▸ PROBLEM DESCRIPTION
Transcribe the data below in full, exactly.

▸ RECORDS FOR THIS EXERCISE
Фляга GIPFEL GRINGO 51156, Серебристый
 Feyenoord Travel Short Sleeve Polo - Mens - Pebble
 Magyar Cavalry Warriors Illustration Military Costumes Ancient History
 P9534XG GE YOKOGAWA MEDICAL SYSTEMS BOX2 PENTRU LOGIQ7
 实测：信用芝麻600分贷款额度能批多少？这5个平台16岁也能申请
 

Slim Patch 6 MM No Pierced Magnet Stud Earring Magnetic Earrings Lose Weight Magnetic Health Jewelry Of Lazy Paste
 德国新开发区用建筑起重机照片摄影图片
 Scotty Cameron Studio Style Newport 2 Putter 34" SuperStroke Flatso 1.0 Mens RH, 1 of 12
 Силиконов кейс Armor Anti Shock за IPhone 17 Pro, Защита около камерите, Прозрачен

▸ WRITTEN ANSWER
Фляга GIPFEL GRINGO 51156, Серебристый
 Feyenoord Travel Short Sleeve Polo - Mens - Pebble
 Magyar Cavalry Warriors Illustration Military Costumes Ancient History
 P9534XG GE YOKOGAWA MEDICAL SYSTEMS BOX2 PENTRU LOGIQ7
 实测：信用芝麻600分贷款额度能批多少？这5个平台16岁也能申请
 

Slim Patch 6 MM No Pierced Magnet Stud Earring Magnetic Earrings Lose Weight Magnetic Health Jewelry Of Lazy Paste
 德国新开发区用建筑起重机照片摄影图片
 Scotty Cameron Studio Style Newport 2 Putter 34" SuperStroke Flatso 1.0 Mens RH, 1 of 12
 Силиконов кейс Armor Anti Shock за IPhone 17 Pro, Защита около камерите, Прозрачен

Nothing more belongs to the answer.